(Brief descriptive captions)

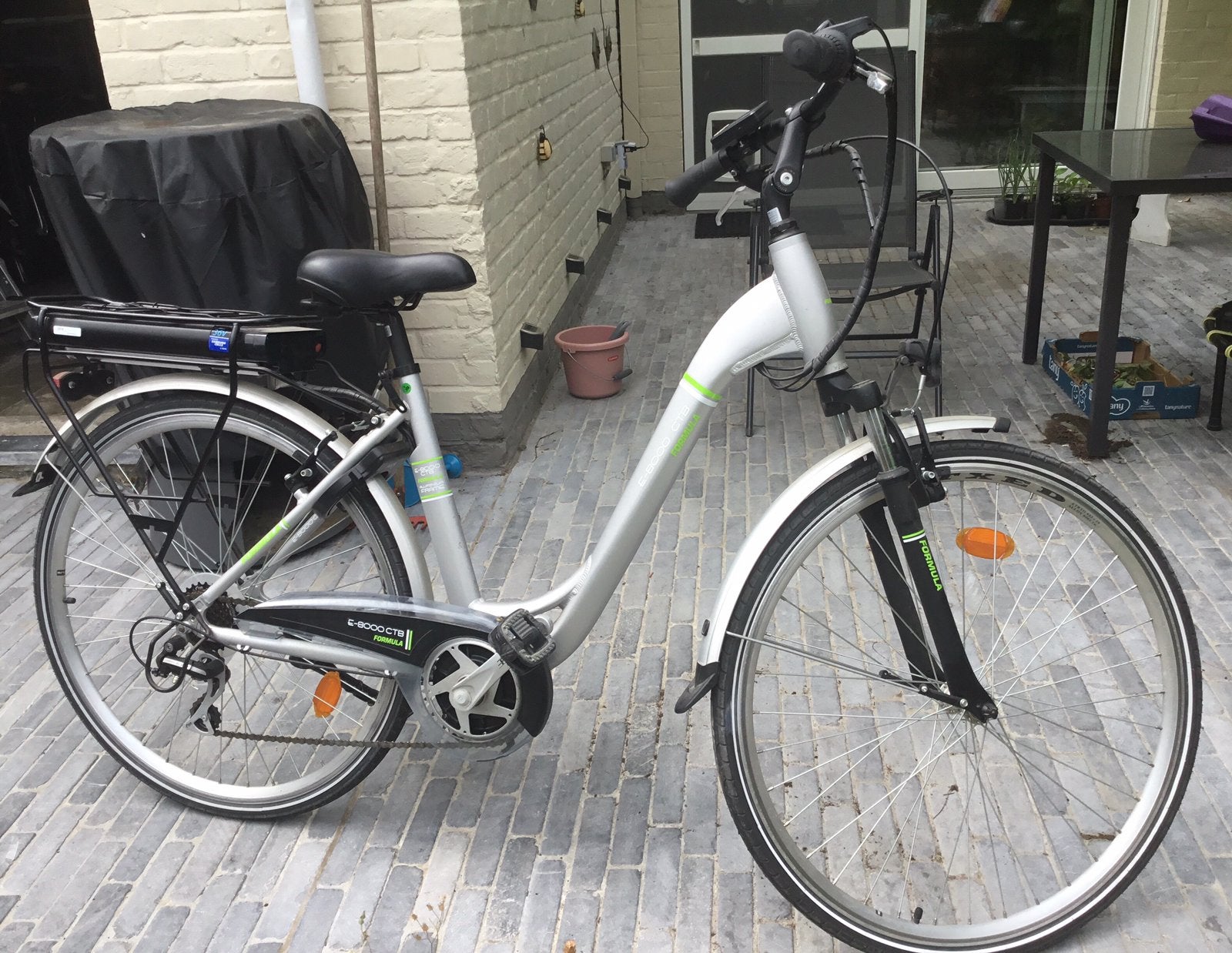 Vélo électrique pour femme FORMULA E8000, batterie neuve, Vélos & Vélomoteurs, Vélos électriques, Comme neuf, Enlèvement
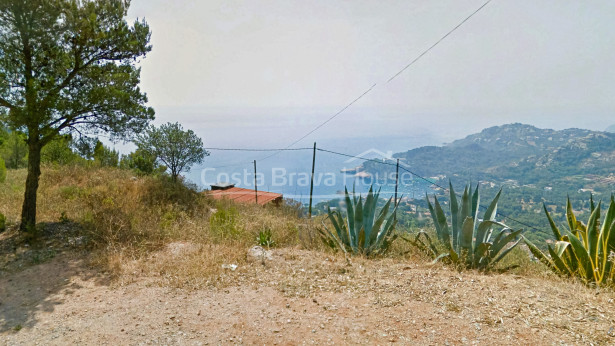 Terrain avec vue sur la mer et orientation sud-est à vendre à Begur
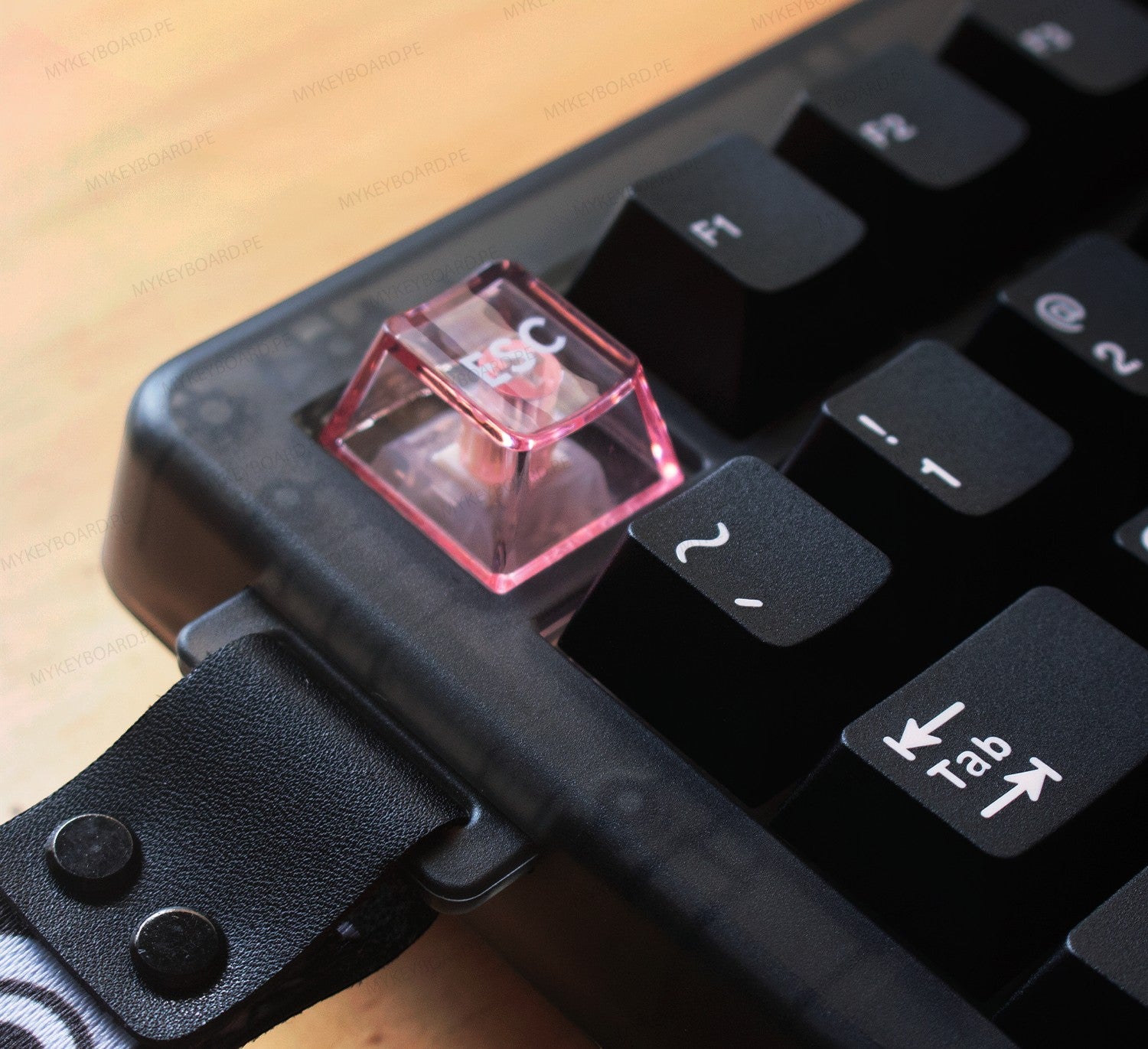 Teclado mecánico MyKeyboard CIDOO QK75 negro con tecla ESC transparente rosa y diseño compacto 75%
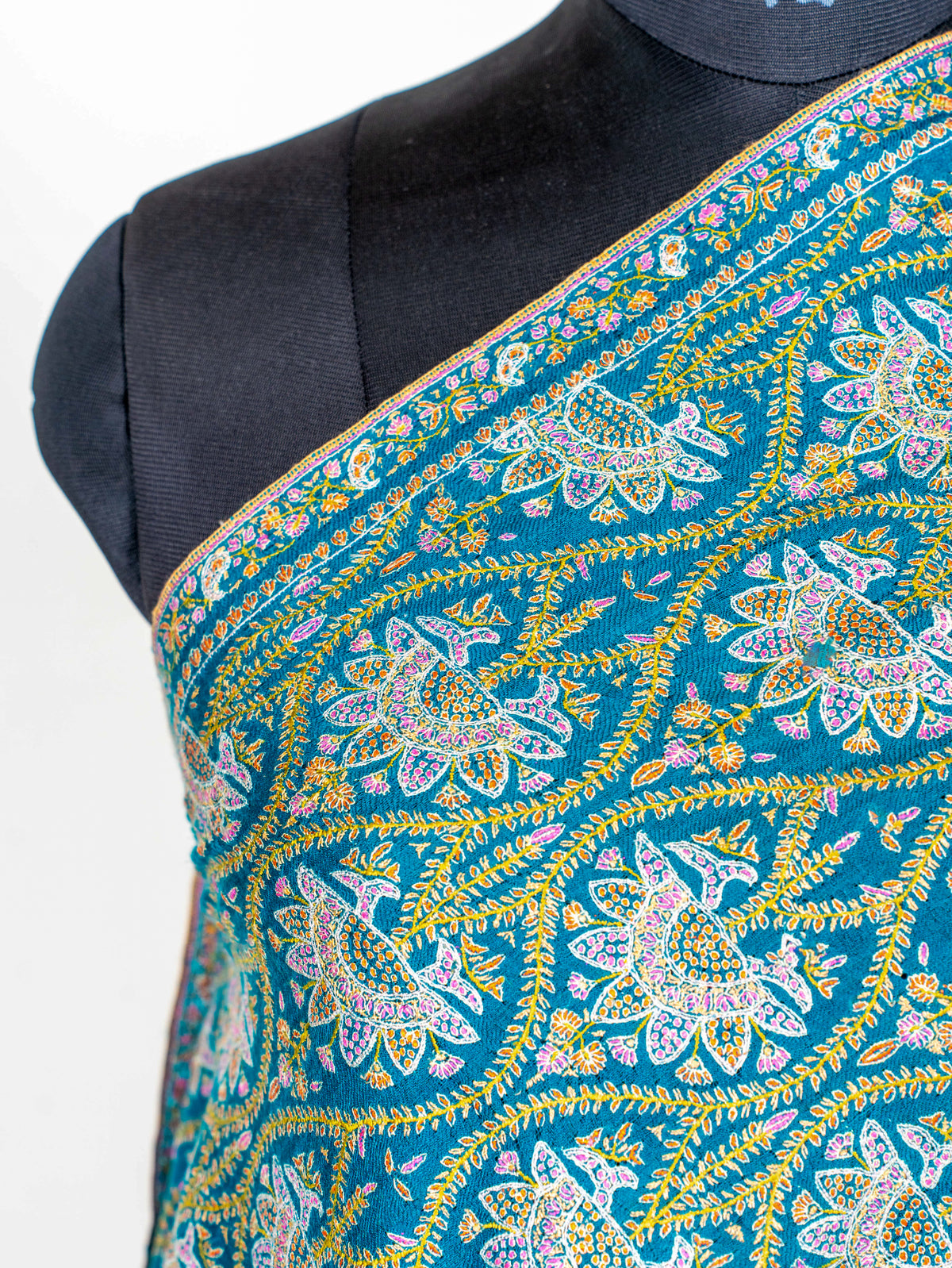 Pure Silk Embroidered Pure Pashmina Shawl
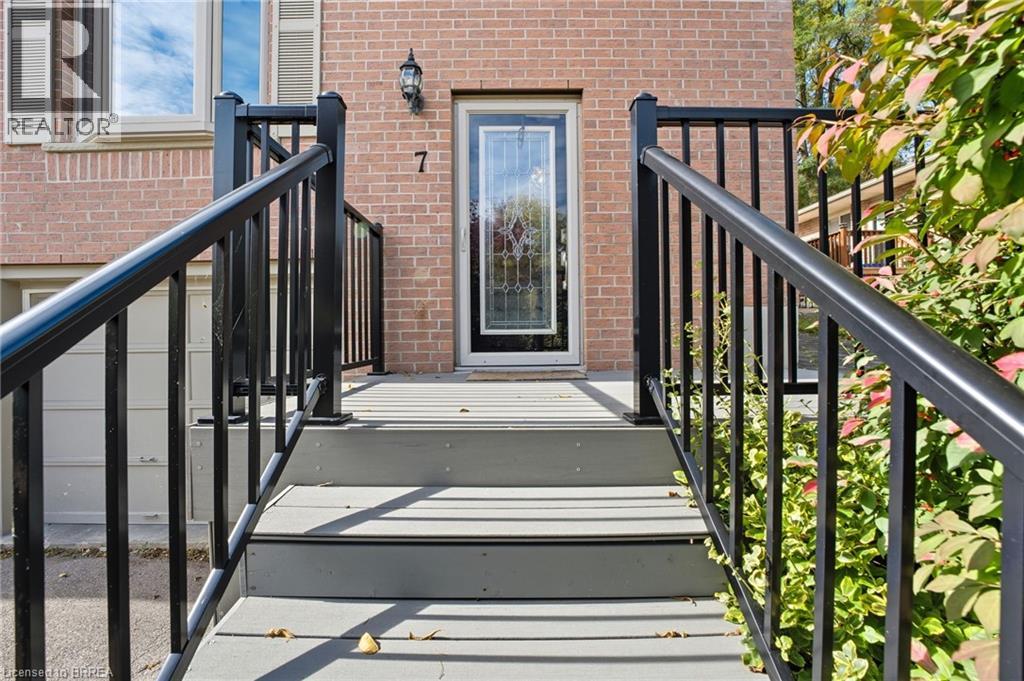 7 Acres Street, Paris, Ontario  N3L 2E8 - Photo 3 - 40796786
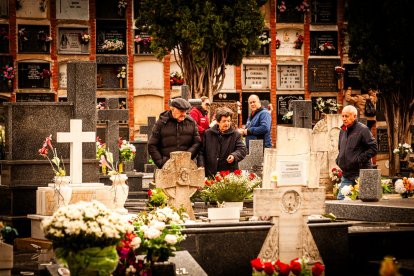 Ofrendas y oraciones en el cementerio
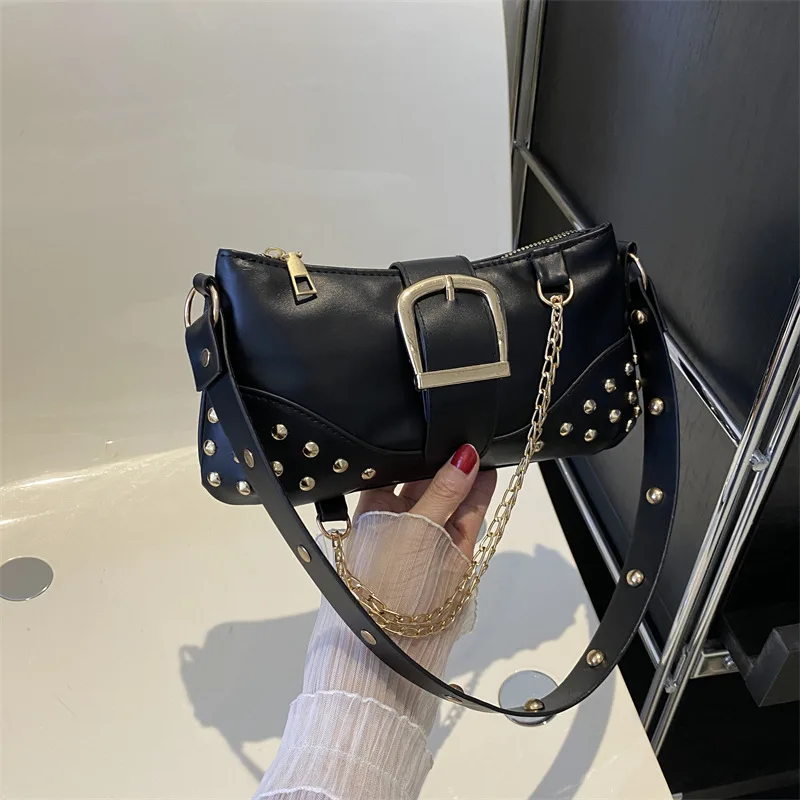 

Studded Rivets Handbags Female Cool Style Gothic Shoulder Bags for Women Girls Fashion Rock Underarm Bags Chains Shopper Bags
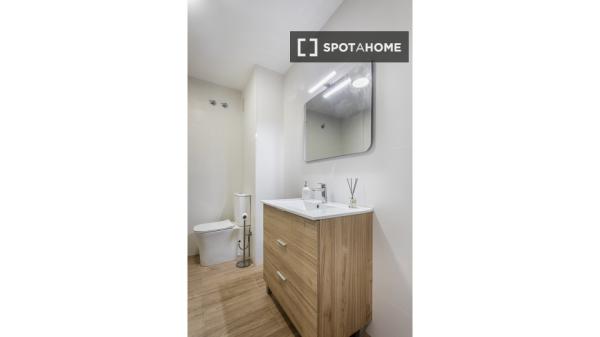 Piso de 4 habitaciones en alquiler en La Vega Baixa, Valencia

● **Aim of the task**
Set down exactly, line for line, the data from the line that contains "Studded Rivets Handbags" through its last line, keeping pictures out.

● **Solution for this exercise**
Studded Rivets Handbags Female Cool Style Gothic Shoulder Bags for Women Girls Fashion Rock Underarm Bags Chains Shopper Bags
 Piso de 4 habitaciones en alquiler en La Vega Baixa, Valencia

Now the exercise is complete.